Although the Socialists won the most votes during the last regional election in February 2021, Illa was unable to piece together a governing majority. The separatist parties took power by clubbing together to form a 74-seat coalition.

Since becoming Spanish prime minister in June 2018, Sánchez has sought to defuse the Catalan conflict. He has maintained dialogue with the moderate ERC and pardoned the separatists jailed over their role in the 2017 secession bid.

And late last year, he moved to push through an amnesty bill for those still wanted by the justice system in exchange for the separatists’ parliamentary support for him to secure a new term in office.

Under terms of the bill, Puigdemont – who fled Spain to avoid prosecution after the botched independence bid – will finally be able to return home after more than six years in exile.

It will be put to a final parliamentary vote later this month.

Catalan separatist leader and candidate of Junts per Catalunya Carles Puigdemont (R) raises his fist during a campaign rally in the French southeastern town of Argelès-sur-Mer. (Photo by Josep LAGO / AFP)

High stakes for Puigdemont

Puigdemont is for the moment unable to enter Spain, where he is still subject to an arrest warrant.

So he has been campaigning for Sunday’s election from a southern French seaside town near the Spanish border, and polls suggest his support has been rising steadily in recent weeks.

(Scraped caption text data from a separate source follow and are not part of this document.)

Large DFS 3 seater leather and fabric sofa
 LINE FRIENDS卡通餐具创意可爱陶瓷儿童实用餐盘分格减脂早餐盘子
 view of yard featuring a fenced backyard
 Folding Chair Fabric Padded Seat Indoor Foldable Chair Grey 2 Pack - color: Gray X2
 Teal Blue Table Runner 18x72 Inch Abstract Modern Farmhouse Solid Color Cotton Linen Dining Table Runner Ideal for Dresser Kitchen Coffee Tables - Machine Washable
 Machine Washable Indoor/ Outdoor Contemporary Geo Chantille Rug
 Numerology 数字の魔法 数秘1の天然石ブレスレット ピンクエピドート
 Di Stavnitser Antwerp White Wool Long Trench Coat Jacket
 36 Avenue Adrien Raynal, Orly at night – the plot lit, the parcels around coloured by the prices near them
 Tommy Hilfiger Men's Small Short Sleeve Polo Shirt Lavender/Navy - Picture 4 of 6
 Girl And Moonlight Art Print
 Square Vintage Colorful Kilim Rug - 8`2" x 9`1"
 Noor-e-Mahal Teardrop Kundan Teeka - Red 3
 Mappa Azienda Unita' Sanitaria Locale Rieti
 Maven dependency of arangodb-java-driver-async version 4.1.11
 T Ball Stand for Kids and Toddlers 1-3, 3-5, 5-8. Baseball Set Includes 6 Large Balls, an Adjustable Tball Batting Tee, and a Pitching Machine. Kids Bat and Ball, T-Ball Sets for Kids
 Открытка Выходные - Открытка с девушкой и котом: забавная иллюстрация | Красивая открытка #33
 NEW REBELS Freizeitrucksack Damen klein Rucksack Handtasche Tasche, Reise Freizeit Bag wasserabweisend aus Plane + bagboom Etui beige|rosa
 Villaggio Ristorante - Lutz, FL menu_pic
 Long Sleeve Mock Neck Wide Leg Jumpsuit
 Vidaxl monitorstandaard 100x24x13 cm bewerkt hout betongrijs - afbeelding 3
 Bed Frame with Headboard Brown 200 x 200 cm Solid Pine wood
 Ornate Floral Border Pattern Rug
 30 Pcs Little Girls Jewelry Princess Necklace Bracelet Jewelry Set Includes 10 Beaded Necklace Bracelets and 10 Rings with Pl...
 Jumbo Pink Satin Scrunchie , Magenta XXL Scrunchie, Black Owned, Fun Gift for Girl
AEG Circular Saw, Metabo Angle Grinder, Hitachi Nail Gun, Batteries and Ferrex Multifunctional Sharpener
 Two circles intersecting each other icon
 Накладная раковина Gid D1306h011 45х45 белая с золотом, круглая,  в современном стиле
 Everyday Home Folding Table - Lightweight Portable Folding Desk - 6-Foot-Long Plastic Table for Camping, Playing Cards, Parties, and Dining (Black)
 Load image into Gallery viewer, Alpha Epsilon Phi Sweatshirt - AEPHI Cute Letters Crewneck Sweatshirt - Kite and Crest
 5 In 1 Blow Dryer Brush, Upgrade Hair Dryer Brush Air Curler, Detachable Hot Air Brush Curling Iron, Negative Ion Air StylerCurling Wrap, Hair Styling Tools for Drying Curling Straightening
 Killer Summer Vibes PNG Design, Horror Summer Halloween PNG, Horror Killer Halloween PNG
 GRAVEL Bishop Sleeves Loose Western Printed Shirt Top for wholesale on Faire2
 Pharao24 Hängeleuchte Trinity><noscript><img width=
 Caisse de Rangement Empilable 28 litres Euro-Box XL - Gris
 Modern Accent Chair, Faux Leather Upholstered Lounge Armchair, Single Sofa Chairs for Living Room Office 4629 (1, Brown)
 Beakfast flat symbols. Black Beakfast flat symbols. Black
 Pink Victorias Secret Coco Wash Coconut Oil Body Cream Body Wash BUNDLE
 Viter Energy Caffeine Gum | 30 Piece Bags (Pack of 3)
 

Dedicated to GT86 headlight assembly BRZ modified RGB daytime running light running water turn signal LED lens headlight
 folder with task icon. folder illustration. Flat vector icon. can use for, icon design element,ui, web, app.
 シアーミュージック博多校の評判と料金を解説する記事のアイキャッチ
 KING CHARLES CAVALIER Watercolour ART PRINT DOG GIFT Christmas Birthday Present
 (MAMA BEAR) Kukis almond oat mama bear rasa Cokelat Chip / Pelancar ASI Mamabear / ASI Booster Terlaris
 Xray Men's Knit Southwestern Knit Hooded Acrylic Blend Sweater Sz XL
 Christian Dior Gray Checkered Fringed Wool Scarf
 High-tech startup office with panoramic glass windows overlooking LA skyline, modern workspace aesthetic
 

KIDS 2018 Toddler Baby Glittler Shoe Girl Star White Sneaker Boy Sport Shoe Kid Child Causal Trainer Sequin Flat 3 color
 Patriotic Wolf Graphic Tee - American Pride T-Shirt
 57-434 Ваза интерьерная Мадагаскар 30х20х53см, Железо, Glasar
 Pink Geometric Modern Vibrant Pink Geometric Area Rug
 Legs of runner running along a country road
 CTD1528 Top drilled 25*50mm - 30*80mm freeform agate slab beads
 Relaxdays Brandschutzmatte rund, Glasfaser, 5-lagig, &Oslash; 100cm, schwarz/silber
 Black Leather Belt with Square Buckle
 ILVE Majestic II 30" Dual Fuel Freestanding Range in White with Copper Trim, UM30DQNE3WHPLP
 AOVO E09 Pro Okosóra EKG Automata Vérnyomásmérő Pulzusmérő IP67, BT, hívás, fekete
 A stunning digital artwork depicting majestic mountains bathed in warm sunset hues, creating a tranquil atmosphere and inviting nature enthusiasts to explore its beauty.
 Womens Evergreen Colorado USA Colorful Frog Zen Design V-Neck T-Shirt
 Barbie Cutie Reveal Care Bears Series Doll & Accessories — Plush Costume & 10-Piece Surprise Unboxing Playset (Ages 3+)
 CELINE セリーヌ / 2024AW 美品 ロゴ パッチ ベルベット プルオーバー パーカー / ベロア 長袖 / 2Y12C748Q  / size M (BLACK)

READ MORE: Exiled separatist leader rallies support in France ahead of Catalan election

“The independence movement has stalled a bit (since the botched 2017 separatist bid) but I think Puigdemont’s candidature has generated some enthusiasm,” Arnau Olle, a 29-year-old IT specialist from a town near Barcelona told AFP at a weekend campaign rally in Argeles-sur-Mer.

Puigdemont, who served as Catalan leader from January 2016, wants to have another shot at leading the region if the separatists retain a majority, and if JxCat comes out on top.

But that could be complicated given the divisions within the pro-independence movement and the emergence in recent months of the ultranationalist Catalan Alliance. While polls suggest it could win several seats, no other party wants to enter into a pact with it.

For Puigdemont, Sunday’s vote is also a high-stakes game, not least because he has pledged to retire from politics if he does not win.

Polls suggest the Socialists will win around 40 seats, which would mean it would need allies to reach the 68 required for a governing majority.

One possible alliance would involve the far left and Aragones’s ERC, but that would likely cause an implosion within the independence movement.

Political analyst Ernesto Pascual of the Autonomous University of Barcelona did not see such alliances hurting Sánchez’s left-wing government, whose fragile parliamentary majority depends on support from both JxCat and ERC.

Neither party has an interest in doing anything that might “force Sánchez to resign and trigger new elections”, he said.

That could change the scenario dramatically, he explained, referring to the possibility of a new government of the right which has vowed to rollback any move to amnesty the separatists.